I have a wall with 10 feet of space available. I will likely select a nice worm drive saw to use for it instead of my super old skilsaw. This is also so I can pick up a Prazi bar attachment for said worm drive. 

Any input would be appreciated.


----------



## woodnthings (Jan 24, 2009)

*Yes, I have made one......*

After my buddy picked up a $10,000 Hol-zer for $500.00 I was envious. :| 
I had always wanted one, so I set off to build my own. It took about 2 months of construction, using both woodworking and metal fabricating skills. I wanted it to be a "no welding required" build, so that's how I made it. I also wanted it to be a 2 axis design like my buddy's unit, so I incorporated a RAS motor and carriage which locks at 90 degrees in 2 axis. It was originally intended as a horizontal unit, but 10 ft X 7 ft took up way too much floor space, so I inclined it. After many tests of the sliding mechanism and accuracy, I was pretty happy with it. Unfortunately, my actual need for it was limited, and I've not used it much. :sad2:

You can see it in My Photos, in my profile:
https://www.woodworkingtalk.com/members/woodnthings-7194/albums/panel-saw/


----------



## RonRock (Mar 27, 2014)

I once had a Milwaukee panel saw. Very nice unit. Trouble is that it still takes up a lot of space. IMO 10 foot wall is not going to be enough. If you start with an 8 foot sheet where will the saw be placed? Then for the next project will it be positioned in the right place? My Milwaukee had legs that kicked out from the top to bottom so that the sheet would lay against the frame. That made it even worse for taking up space. I thought that it would be great for breaking down sheets rather than lifting them up to the tablesaw. Didn't work out for me. I sold mine, haven't missed it yet.


That was several years ago. Now the game has changed. I'd suggest a track saw. They are great! Take up no space when not being used. Cut a near perfect straight line. Can go anywhere. Among other benefits.



I bought the Makita and two 55" tracks as well as their connectors. I do not like the connectors at all. I'll be replacing them at some point, but they do work, could be better.


----------



## woodnthings (Jan 24, 2009)

*Interesting ....*

I had the best TS75 track saw made by Festool, never used it and sold it 6 mos after I bought it. I considered it more of a job site unit than a shop tool. I did not like have to measure twice and cut once to get parallel rips. :|

The 10 ft wall will only work If you have a 2 axis saw. If you have the typical ... "you push the sheet through the saw" unit, you will need about 20 ft. of wall space. So, I set out to make my panel saw a 2 axis type. I move the saw carriage whether ripping or cross cutting.

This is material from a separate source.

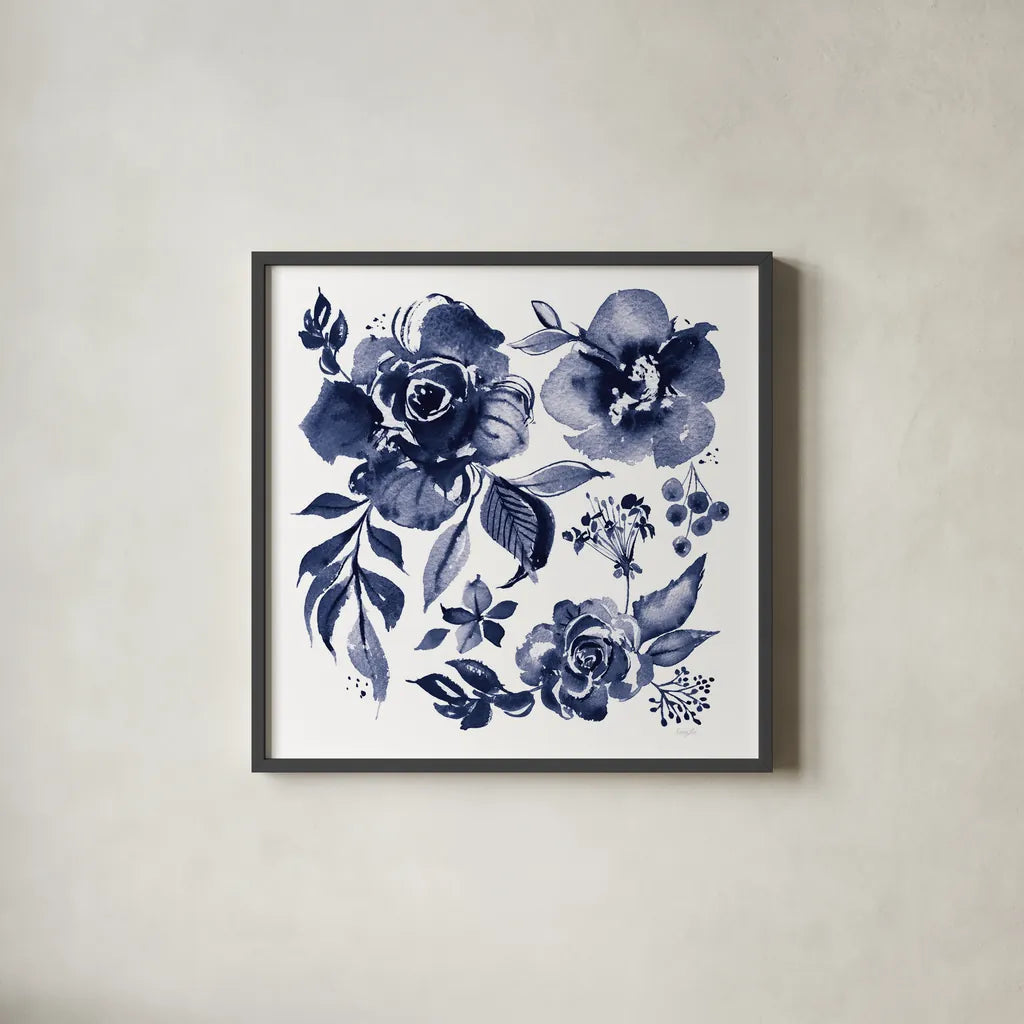Delft Delight III DB No Words by Kristy Rice. Shown in a sleek black glass frame for a contemporary gallery look. Available as an archival giclee rolled canvas, fine art paper, or poster print. SKU 59156a.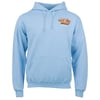 Light blue hooded sweatshirt with front pocket and drawstrings, featuring a small “Ron Jon Surf Shop” logo on the upper left chest.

I'm happy with my design, but it was a ton of work to not only make the bed, but the sliding carriage. I used simple angle steel and V-groove bearings to ride the edges. I had to counter weight the vertical axis using a spring assist and a weight on a pulley to get the balance just right. a Wouldn't you know after making it, my need for cutting larger panels pretty much diminished. My son wants a new desk/computer station, so that's probably the next big project.


----------



## Metalriff84 (Oct 11, 2018)

I'll take a look at track saws, hadn't thought of it. All I typically need to do is break down sheets, so it might work perfect


----------



## woodnthings (Jan 24, 2009)

*combine the two concepts ...*



Metalriff84 said:


> I'll take a look at track saws, hadn't thought of it. All I typically need to do is break down sheets, so it might work perfect



A track saw is just a circular saw that rides a small raised surface on the wide part of the track. There is a recess on the saw's base that mates with the raised portion and keeps it "on track". 

Get your self a 10 ft section of aluminum extrusion and that is the basis for the panel saw. You will need a table that is 10 ft X 4 ft or so and it will need to be either horizontal or just slightly inclined. You would need the same size table if you were using a standard track saw OR work on the floor. 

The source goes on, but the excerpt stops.